South Africa’s already overcrowded prisons registered the entry of 2,979 additional prisoners during the year past.
Without detailing the length of sentence they are serving, the latest report from the Mozambican attorney general indicated that 2,886 Mozambican’s are serve prison terms in neighbouring South Africa for illegal residence, robbery, armed robbery, rape and murder.
In neighbouring Zimbabwe, 65 Mozambicans have been arrested and 20 are serving sentences ranging from 15 months to 80 years for robbery.
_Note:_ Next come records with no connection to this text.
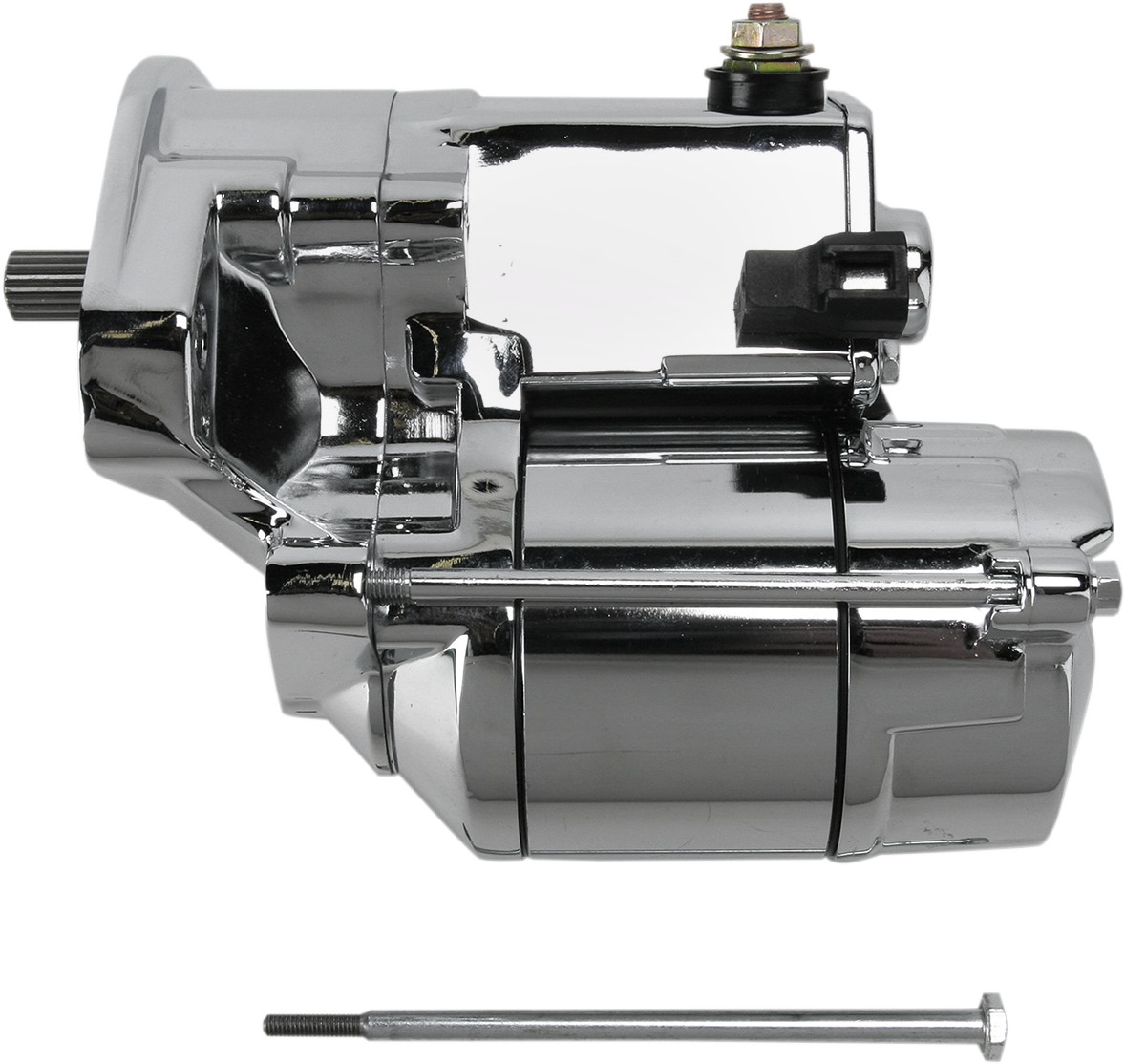 1.4 kW High-Performance Starter Motor | Starter - 1.4 kW - Chrome - '90-'06 Big Twin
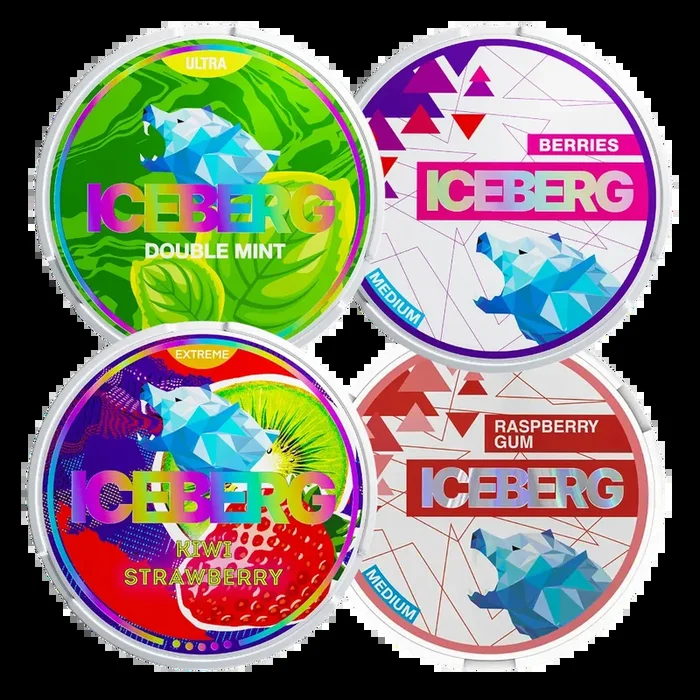 Iceberg Extreme Nicotine Pouches – 50mg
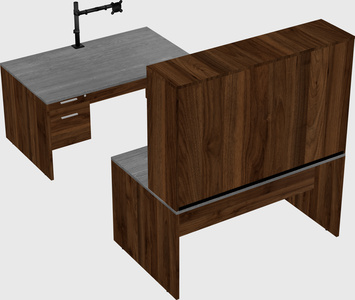 Parallel desk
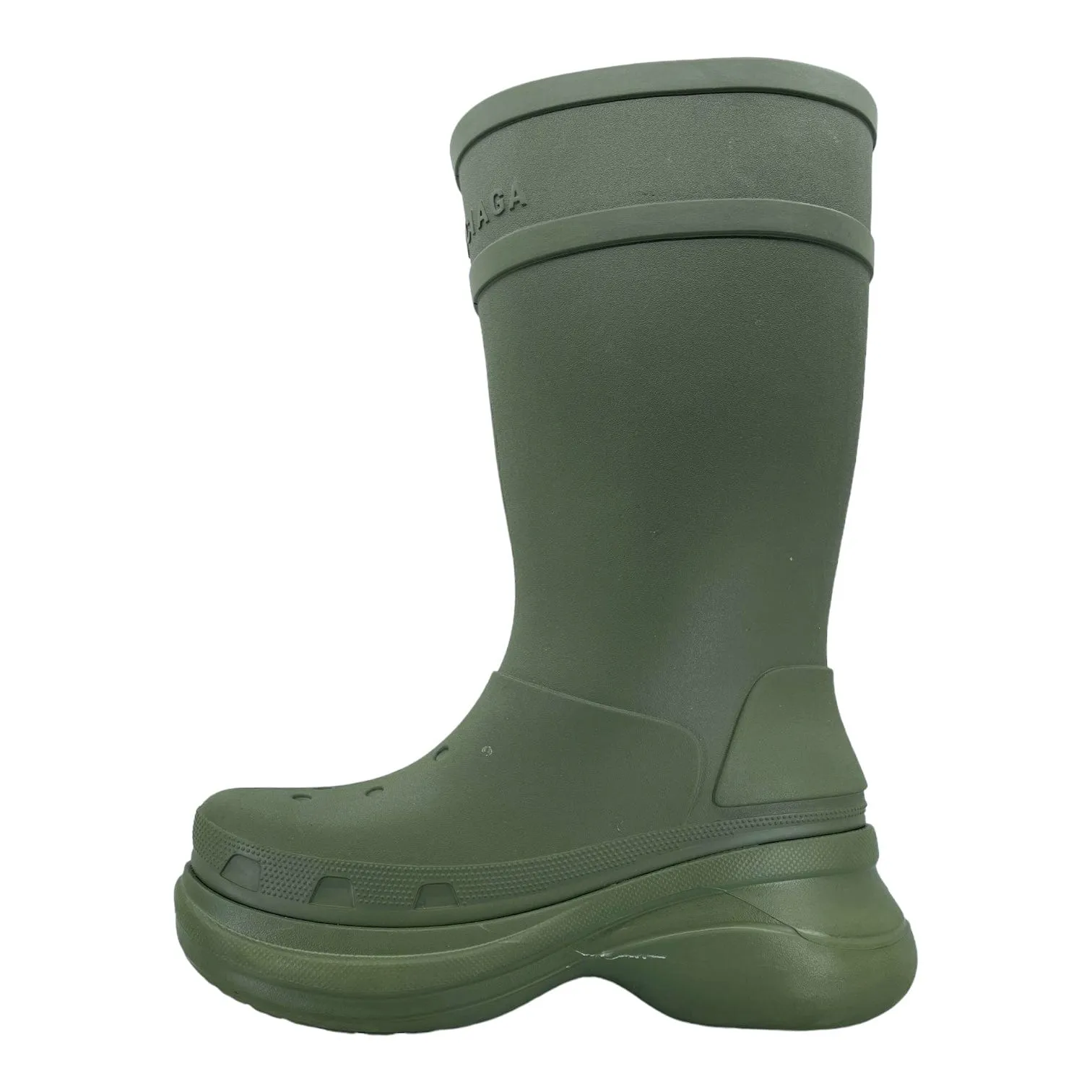Balenciaga x Crocs Boot Green Pre-Owned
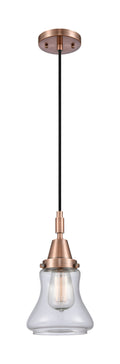 Caden Mini Pendant Antique Brass Finish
Nine, convicted for rape, are serving sentences ranging from 16 months to 15 years.
Fifteen nationals are detained in Portugal, 11 sentenced to prison terms ranging from 6 months to 22 years.
In Malawi, 12 Mozambicans are serving sentences for crimes of theft, human organ trafficking, voluntary homicide and arson.
Drug trafficking also appears to attract Mozambicans internationally, with eleven detained in India, four in Thailand serving sentences between 19 and 25 years in prison, two serving sentences of 6 years in Ethiopia, one serving a sentence of 25 years in Indonesia, another sentenced in Singapore, and an unknown number serving sentences in China.
Prison overcrowding in Mozambique up by 20 percent
Meanwhile, Mozambican jails remain overcrowded, a concern expressed by Attorney General Beatriz Buchili who revealed that on December 31, 2016, “the country’s penitentiaries had a total of 18,182 inmates, compared with 15,203 in the previous period”.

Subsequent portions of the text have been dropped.